Do not follow redirects by default
Redirects are a frequent SSRF bypass. If you allow redirects, you must re-validate the destination on every hop, and cap the number of redirects.
Harden the HTTP client
- Set strict timeouts
- Limit maximum response size
- Restrict methods (GET only for fetchers, unless required)
- Do not allow user-controlled headers like Host or Authorization
- Disable unsafe protocol features you do not need
Use a dedicated fetcher service
For higher-risk features (like link previews), consider isolating outbound fetching into a separate service that has:
- No access to internal networks
- No cloud credentials
- A strict egress allowlist
- Minimal privileges and limited runtime
This turns SSRF from “server can reach everything” into “fetcher can reach only the public internet via a controlled path.”

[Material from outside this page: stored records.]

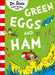 Green Eggs and Ham by Dr. Seuss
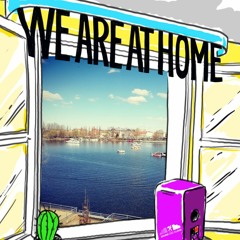 We Are At Home #06 by Lina & Gwen Wayne – Genug Geschnackt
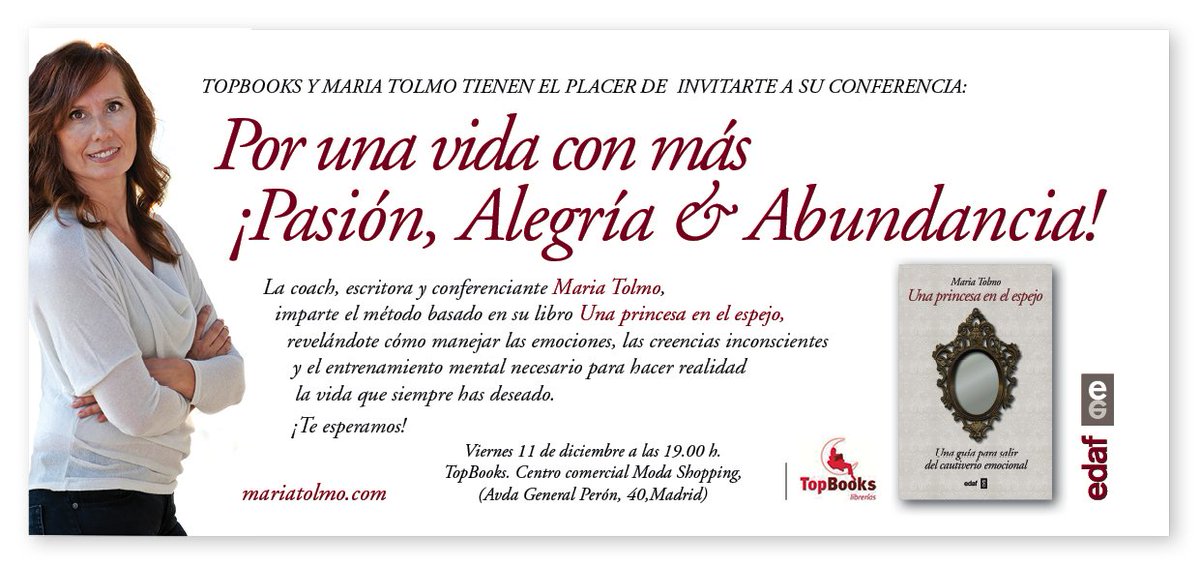EditorialEdaf's tweet image. Por una vida con más ¡PASIÓN,ALEGRÍA y ABUNDANCIA! No te pierdas a la coach #MaríaTolmo en @TopBooksLibros 10-11 dic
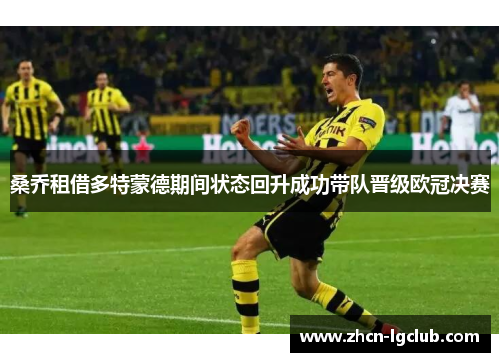桑乔租借多特蒙德期间状态回升成功带队晋级欧冠决赛 桑乔租借多特蒙德期间状态回升成功带队晋级欧冠决赛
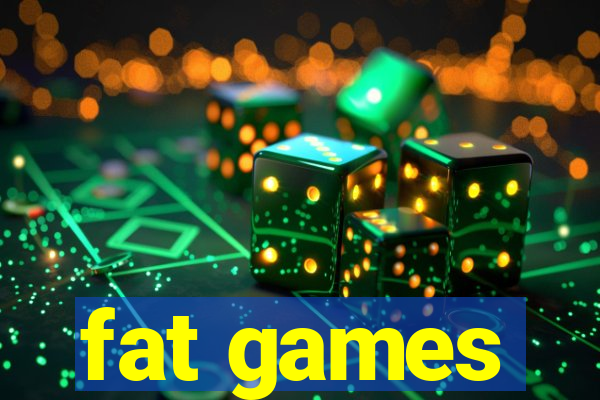 fat games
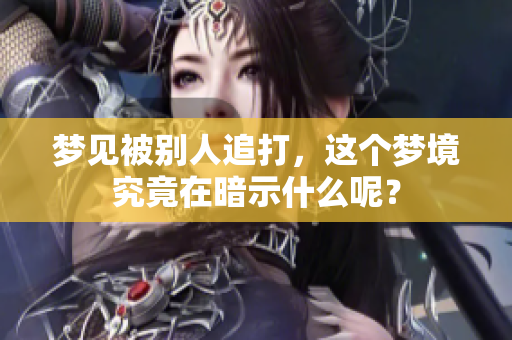 梦见被别人追打，这个梦境究竟在暗示什么呢？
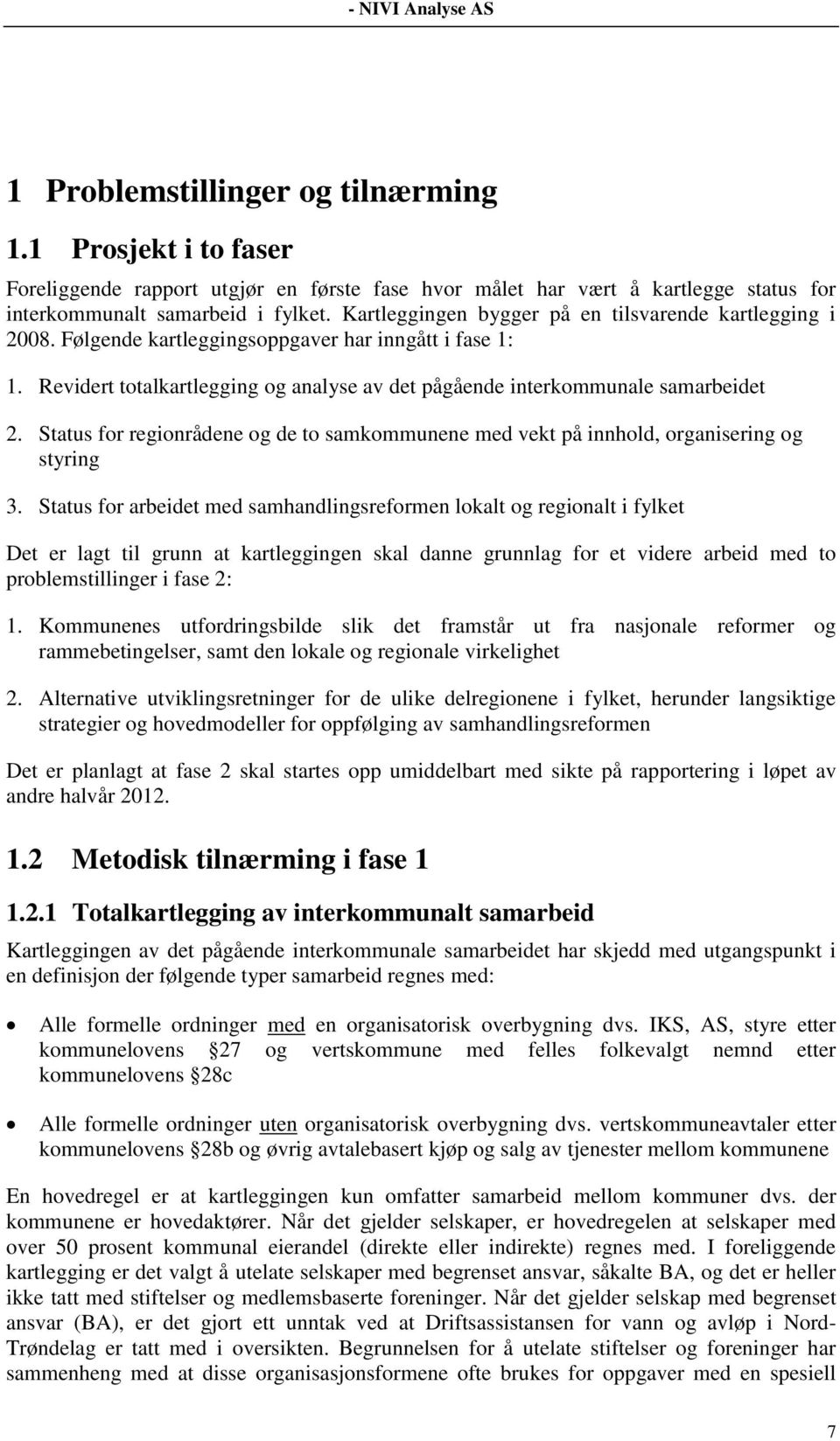 Status for regionrådene og de to samkommunene med vekt på innhold, organisering og styring 3.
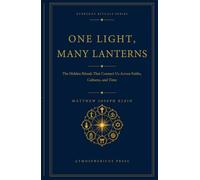 One Light, Many Lanterns: The Hidden Rituals That Connect Us Across Faiths, Cultures, and Time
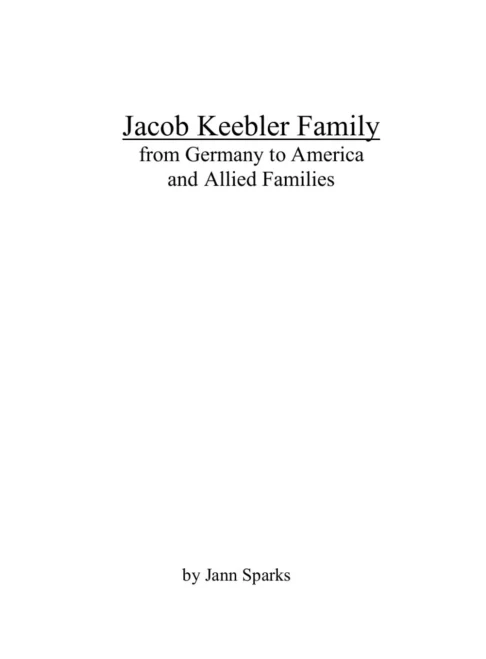 Jacob Keebler Family: From Germany To America And Allied Families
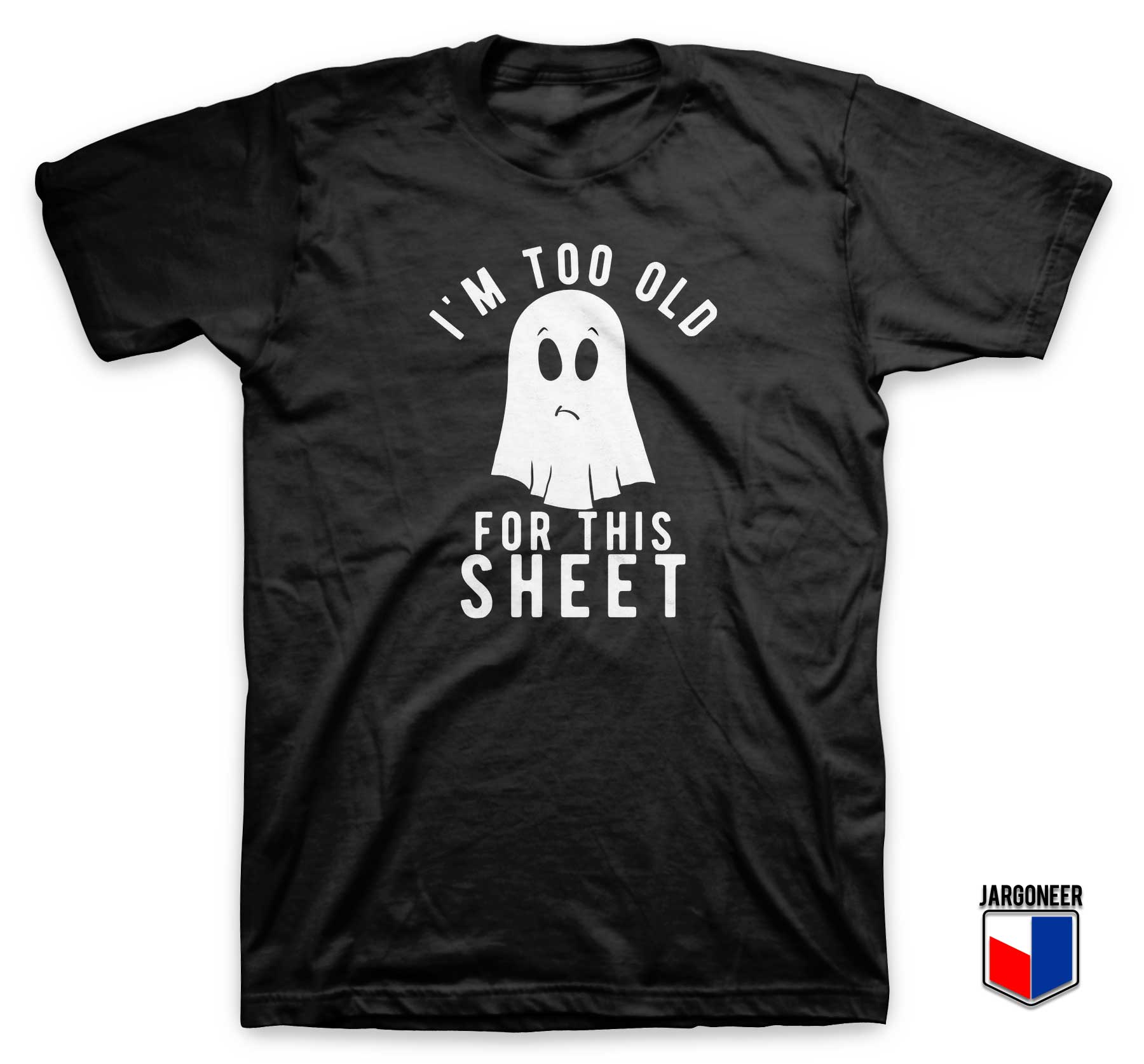 Im Too Old For This Sheet T Shirt - Shop Unique Graphic Cool Shirt Designs
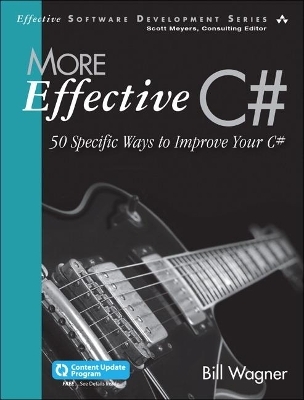 More Effective C# - Bill Wagner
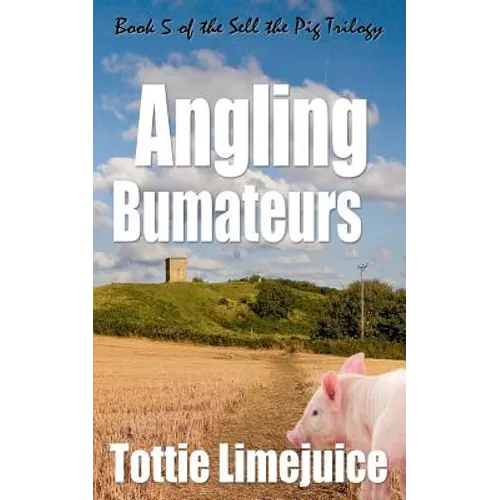 Angling Bumateurs: Book 5 in the Sell the Pig trilogy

Example policy (safe pseudocode)
The exact implementation depends on your language and infrastructure, but a good SSRF defence generally looks like this:
// Pseudocode outline
parse URL
require scheme in {https}
require port in {443}
require hostname matches allowlist policy
resolve hostname to IP(s)
for each IP:
deny if IP is loopback, link-local, private, or otherwise restricted
connect with redirects disabled
enforce timeouts and max response size
return only what you actually need (often not the full body)
The goal is not “make the URL look safe.” The goal is “make it impossible for this code path to reach internal or sensitive destinations.”
Cloud and Kubernetes hardening
In 2026, many SSRF incidents become critical because the app workload has powerful cloud identity permissions or can reach sensitive cluster services.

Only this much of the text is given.